Leaked Department for Transport emails indicate that agreement has already been reached with one train operator, London Midland, to completely close or severely reduce opening hours at ticket offices at 86 of its 90 stations, leaving many deserted at all hours and leading to the loss of around 100 staff.

These cuts will go ahead in the face of opposition from 18,000 London Midland passengers who responded to a public consultation petition against the closures, as well as the West Midlands integrated transport authority, Centro.

This week the TUC, ASLEF, RMT, TSSA and Unite are launching an Action for Rail campaign which will bring passengers, campaigners and unions together to register their opposition to the government’s proposals.

More than 100 Labour and Liberal Democrat MPs have already signed a motion in Parliament registering their concerns, including two former leaders of the Lib Dems, Charles Kennedy and Menzies Campbell.

Under the new government plans, TOCs will be provided with longer franchises of up to 15 years and will be given much greater freedom over fare setting and train schedules.

Unions and campaigners fear this will lead to closure and reductions of unprofitable services in rural areas.

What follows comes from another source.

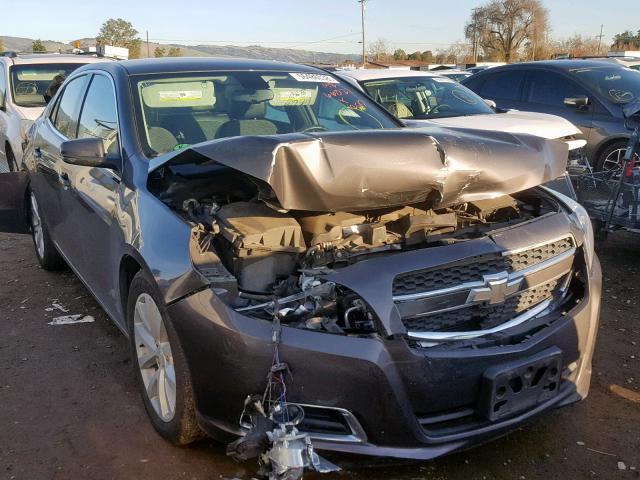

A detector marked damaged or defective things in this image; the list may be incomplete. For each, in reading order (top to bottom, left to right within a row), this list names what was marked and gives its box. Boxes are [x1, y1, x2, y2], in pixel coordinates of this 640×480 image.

crushed hood [149, 126, 564, 211]
crushed hood [408, 111, 584, 142]
broken headlight assembly [236, 280, 380, 336]
damaged front end [148, 127, 592, 472]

TUC Deputy General Secretary Frances O’Grady said: “The government vision of a rail industry with deserted stations, closed ticket offices and trains with no staff is one that appeals to train operators seeking to cut costs and maximise profits – but train passengers are appalled.

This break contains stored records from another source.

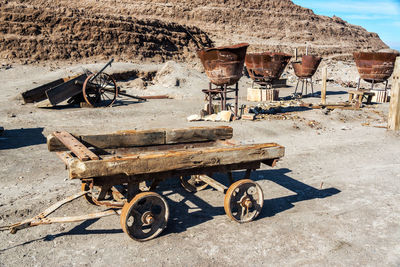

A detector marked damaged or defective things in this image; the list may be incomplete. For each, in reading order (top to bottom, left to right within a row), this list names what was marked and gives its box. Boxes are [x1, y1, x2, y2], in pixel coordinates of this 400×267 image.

rusty metal surface [196, 43, 248, 86]
rusty metal surface [244, 52, 290, 81]
rusty metal surface [290, 55, 322, 78]
rusty metal surface [354, 51, 398, 81]
rusty iron wheel [82, 73, 117, 108]
rusty iron wheel [80, 183, 98, 206]
rusty iron wheel [119, 192, 169, 242]
rusty iron wheel [179, 175, 208, 194]
rusty iron wheel [223, 180, 264, 224] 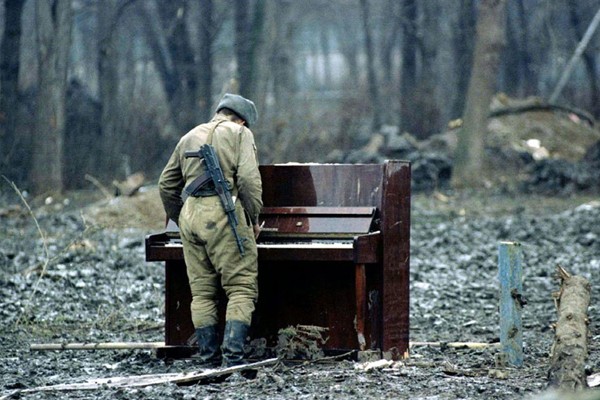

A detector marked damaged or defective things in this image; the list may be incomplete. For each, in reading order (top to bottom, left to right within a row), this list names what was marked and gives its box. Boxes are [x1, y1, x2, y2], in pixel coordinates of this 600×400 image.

damaged piano keys [145, 161, 410, 360]
war-torn landscape [3, 107, 600, 400]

“The public wants the help, reassurance and safety that rail staff provide, which is why so many passengers have responded to our campaign and have expressed their anger at the plans to cull the rail industry workforce.”

ASLEF General Secretary Mick Whelan said: “In Victorian times we had three classes of coaches on the railways – first, second and third.

“These government proposals would make the whole railway third class.

“Ministers need to get out of their limos and find out what rail passengers want.

”RMT General Secretary Bob Crow said: “This government, using the McNulty Rail Review as cover, is hell-bent on a policy of vandalising and de-staffing the railways regardless of the consequences for both staff and the travelling public.

“RMT has already exposed the fact that London Midland, the trail-blazer for these policies, stands to pocket millions of pounds in additional profits from its ticket office closure programme while passengers are left to take their chances in a criminals’ paradise.

“The joint union and passenger fight against these profit-driven plans is a fight for the very future of a safe and affordable rail network in Britain.”

TSSA General Secretary Manuel Cortes said: “McNulty will mean a third class rail network paid for with eye watering year on year fare rises.

“For implementing these cuts, ministers will reward the private operators with inflation plus annual fare rises over new 15 year franchises. It is a licence to print money.”

Unite National Officer Julia Long said: “Rail companies are making millions but they are being told to sack staff and cut services by the government so they can reduce subsidies.

“The rolling stock leasing companies who own all the trains and carriages have not invested in new train building, leaving overcrowded trains and a struggling train manufacturing industry.

“Customers are being fleeced while hard-pressed rail workers are being made scapegoats.”